L’Agenzia Entrate, nella sua risposta, è partita dal fatto che ricadono nell’ambito di applicazione dell’art. 51, comma 2, lett. a), del TUIR, e quindi non concorrono alla formazione del reddito di lavoro, i contributi previdenziali obbligatori, che devono essere tenuti distinti da quelli facoltativi (o volontari) ovvero quelli versati facoltativamente alla gestione pensionistica obbligatoria di appartenenza, tra cui sono da ricomprendere quelli versati per il riscatto della laurea, che sono deducibili dal reddito complessivo ai sensi dell’art. 10, comma 1, lett. e), TUIR. 

La deducibilità può essere riconosciuta dal datore di lavoro per effetto dell’art. 51, comma 2, lett. h), TUIR, la cui finalità è quella di evitare che il lavoratore presenti la dichiarazione dei redditi al solo fine di fruire degli oneri deducibili di cui il datore di lavoro ne è a conoscenza, avendo effettuato le trattenute.

Sempre secondo l’Agenzia delle Entrate, le indennità e le somme percepite una volta tanto in dipendenza della cessazione del rapporto di lavoro dipendente, a norma dell’art. 17, comma  1, lett. a), del TUIR, sono qualificate come reddito di lavoro dipendente, che secondo l’art.19, comma 2, del TUIR, sono imponibili per il loro ammontare complessivo, al netto dei contributi obbligatori per legge.

Dal combinato disposto delle predette disposizioni (artt. 17, comma 1, lett. a), e 19, comma 2, del TUIR) risulta che l’incentivo all’esodo, compresa la quota destinata a riscattare la laurea, deve essere assoggettata a tassazione separata con l'aliquota applicata al TFR (cfr. sul punto Circolare, n. 10/E/2007).

L’Agenzia non condivide invece la soluzione avanzata dalla società (che intendeva riconoscere in sede di conguaglio fiscale di fine rapporto la deduzione dell'onere per la contribuzione volontaria) sia per la formulazione del comma 2 dell'art. 19 del TUIR che esclude dalla base imponibile i soli contributi obbligatori, sia perché essendo l'incentivo all'esodo assoggettato a tassazione separata, l’art. 51, comma 2, lett. h), del TUIR (secondo  cui non concorrono a formare il reddito di lavoro dipendente, tra l'altro, le somme trattenute al dipendente per oneri di cui all'art. 10 e alle condizioni ivi previste) non può trovare applicazione dal momento che persegue finalità non conciliabili con emolumenti che non concorrono alla formazione del reddito complessivo, come l'incentivo all'esodo in esame. 

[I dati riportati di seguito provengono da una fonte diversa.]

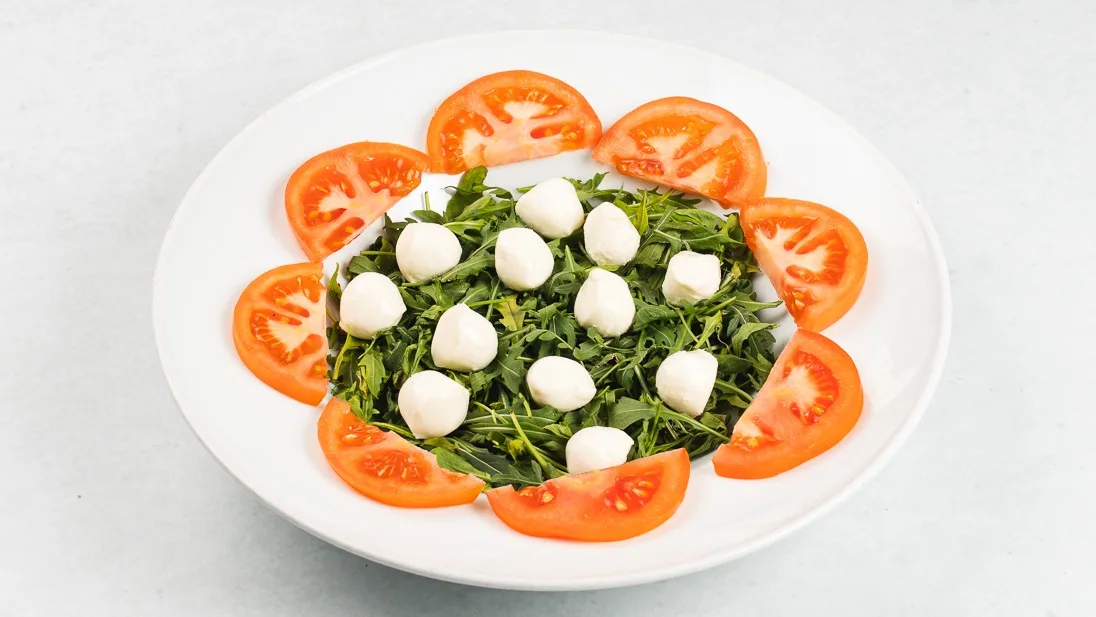 Solata Caprese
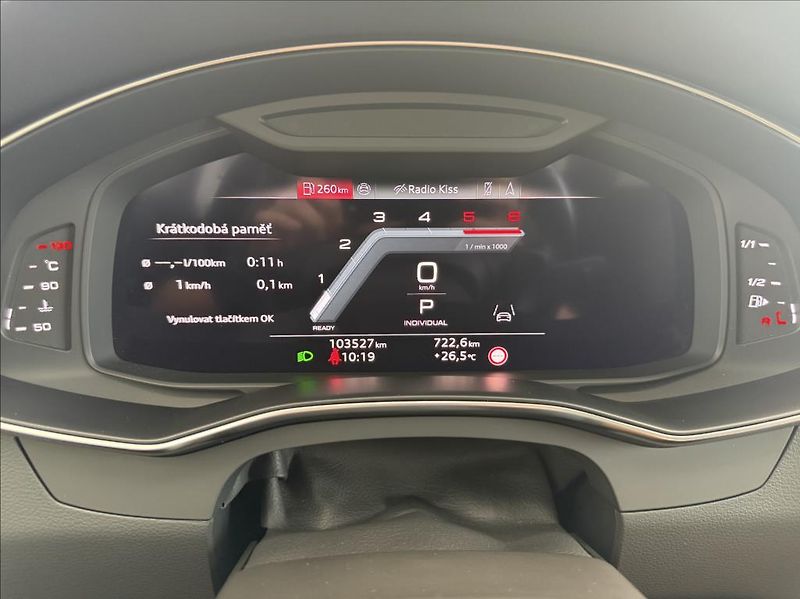Audi A6 Avant 2,0 40TDI, Virtual, Quat - fotka 17 z 33
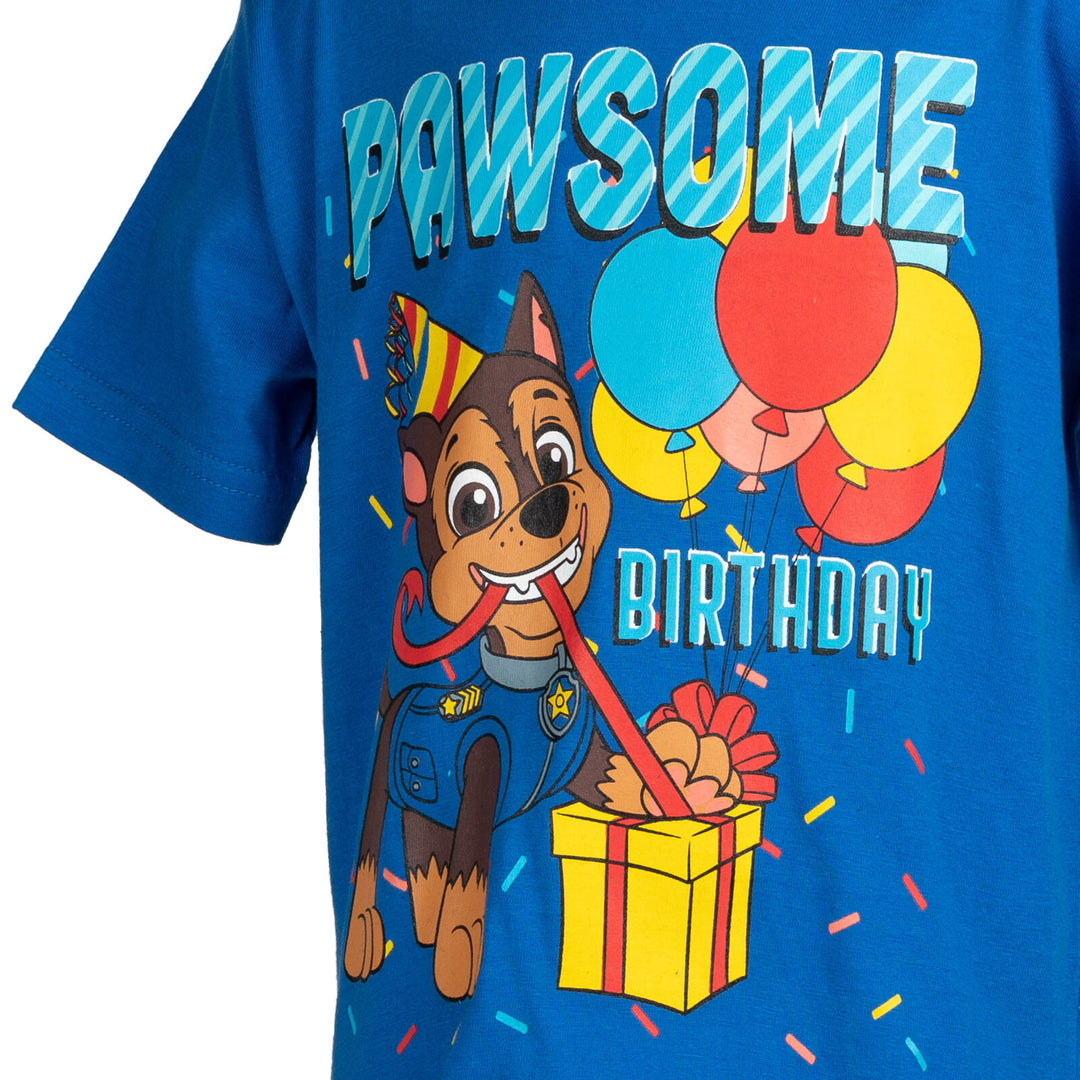 Camiseta gráfica Patrulla de la pata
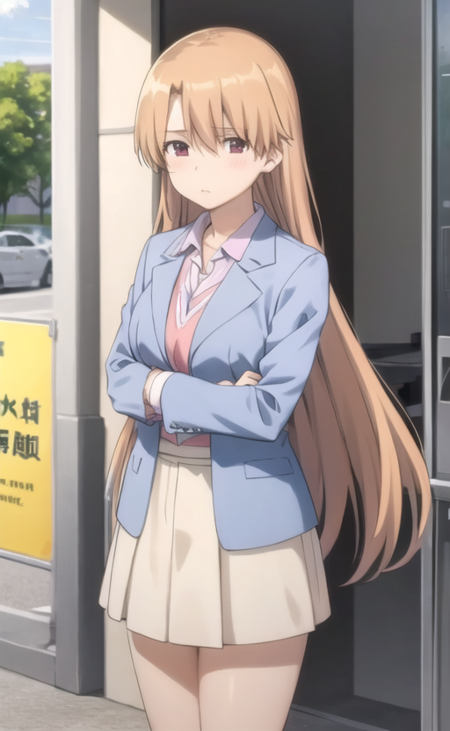 Kiryu yuzuki (Kissxsis)版本v1.0 (ID: 54149)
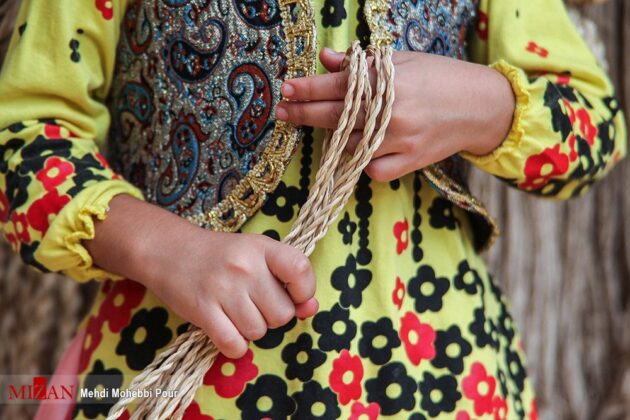 Mat Weaving Turns into Main Profession of Iranians in Mazandaran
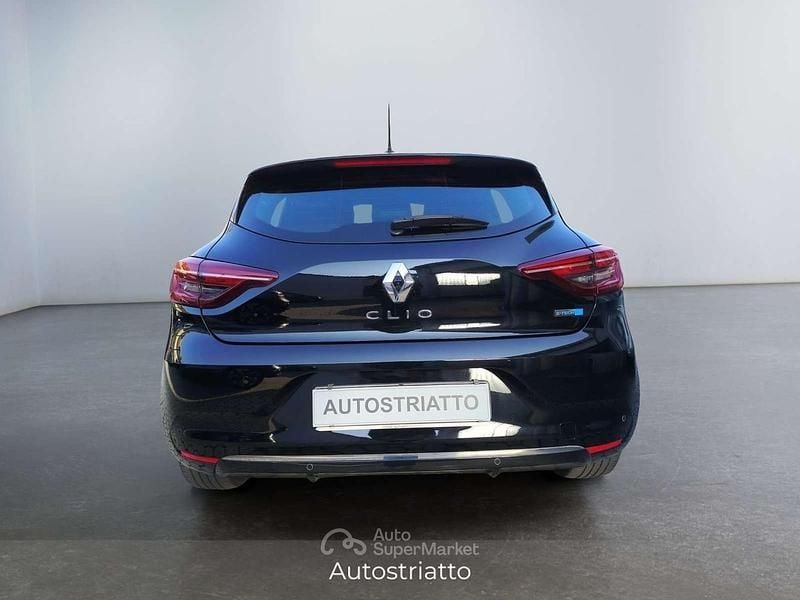 Usata Renault Clio V Intens 140 CV (102 kW) 2022 Nero Utilitaria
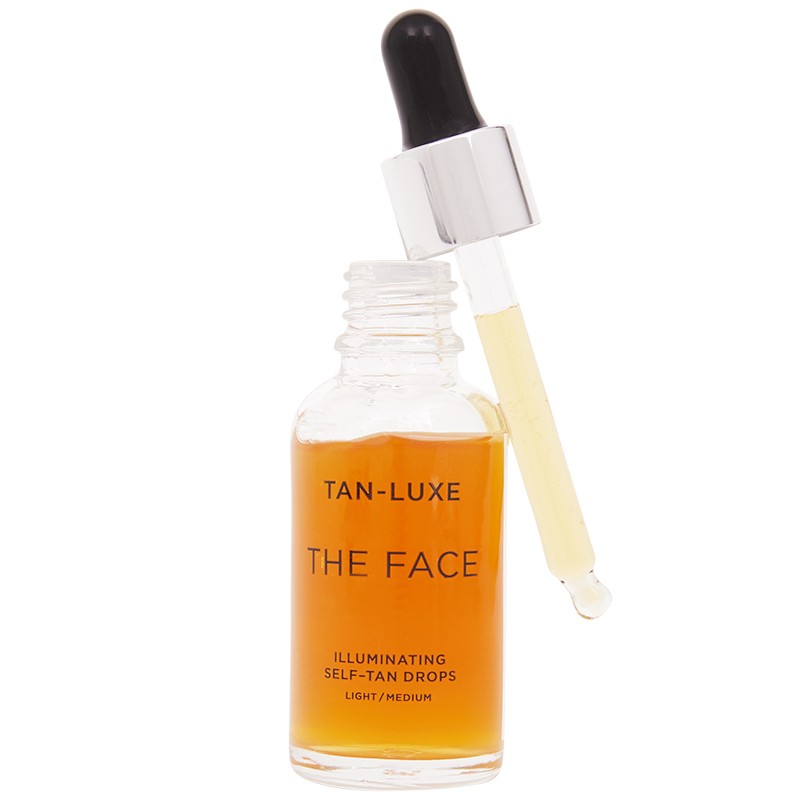 The Face Illuminating Self Tan Drops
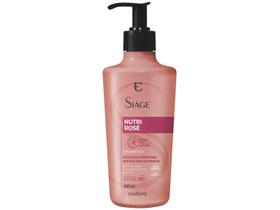 Shampoo Siàge Nutri Rose 400ml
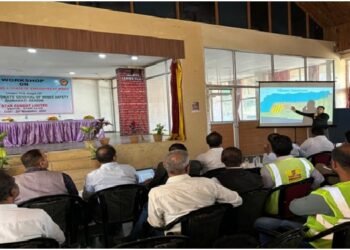 Workshop held for safe handling & use of explosives in mines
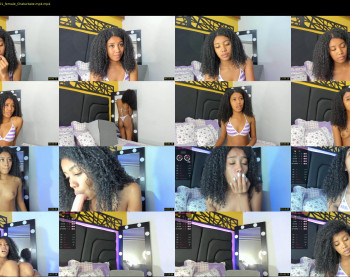 nix_brown — 70 minute Chaturbate female cam show recording, 1080p, Jun 29, 2021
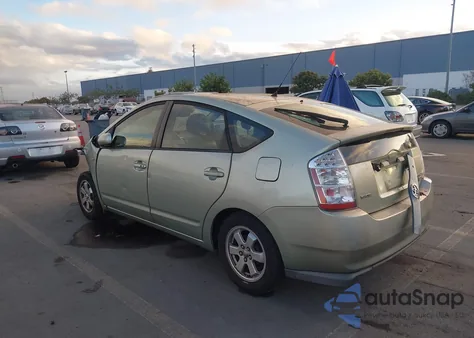 2008 Toyota Prius from USA, damaged, VIN JTDKB20U587748845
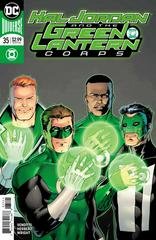 Hal Jordan and the Green Lantern Corps [Variant] #35 (2017) Comic Books Hal Jordan and the Green Lantern Corps Prices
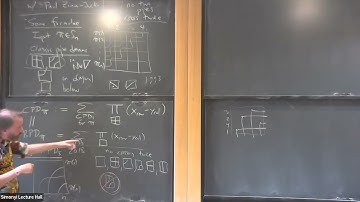 Hybrid Generic Pipe Dreams for Lower-upper Varieties - Allen Knutson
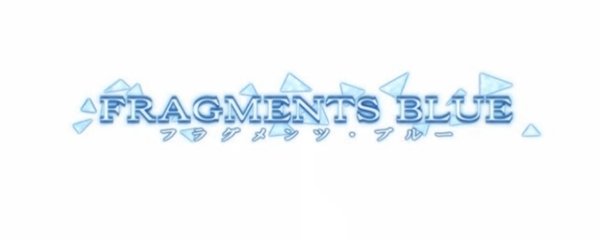 Fragments Blue Banner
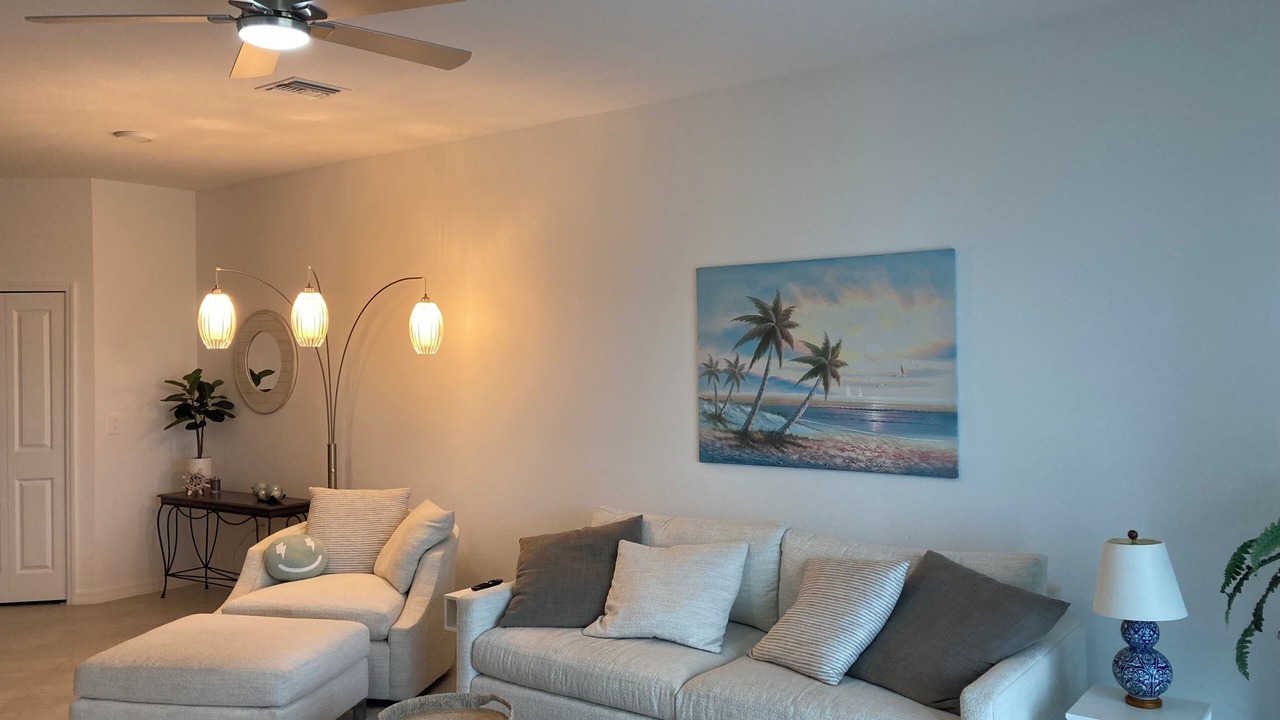 Photo of Livingroom in Punta Gorda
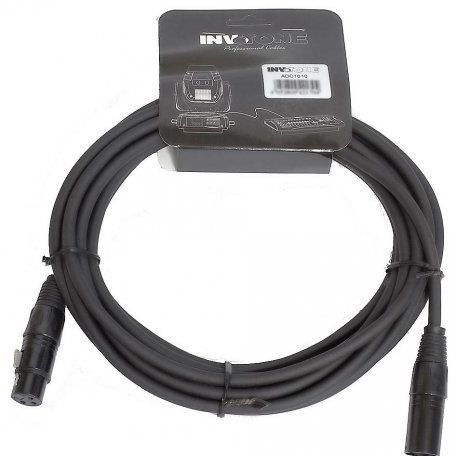 DMX-кабель Invotone ADC1010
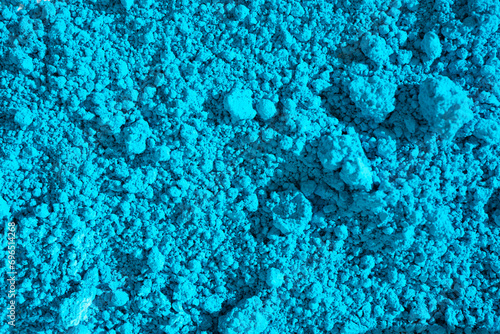 Turquoise Pigment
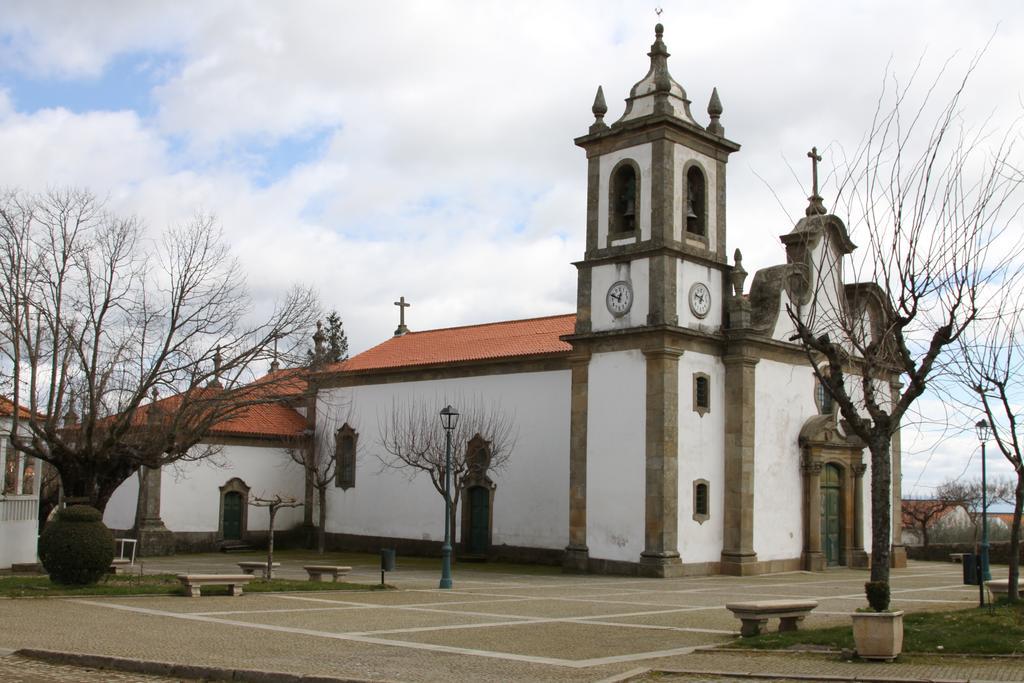 Alojamento Rural De Covelas Covelas  Exterior foto
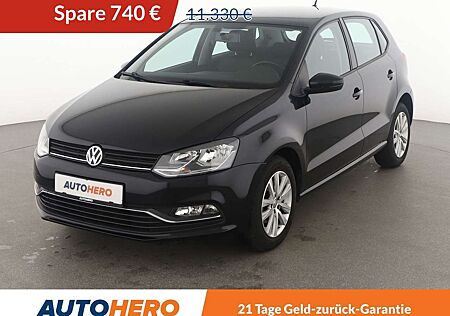 VW Polo Volkswagen 1.2 TSI Comfortline BMT *PDC*SHZ*KLIMA*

Infine, viene precisato che le somme destinate al pagamento dei contributi necessari al riscatto della laurea, configurandosi come un incentivo all’esodo, costituiscono una controprestazione per agevolare la risoluzione del rapporto di lavoro, con la conseguenza che sono deducibili, ai fini IRES, come componente negativo del reddito d’impresa.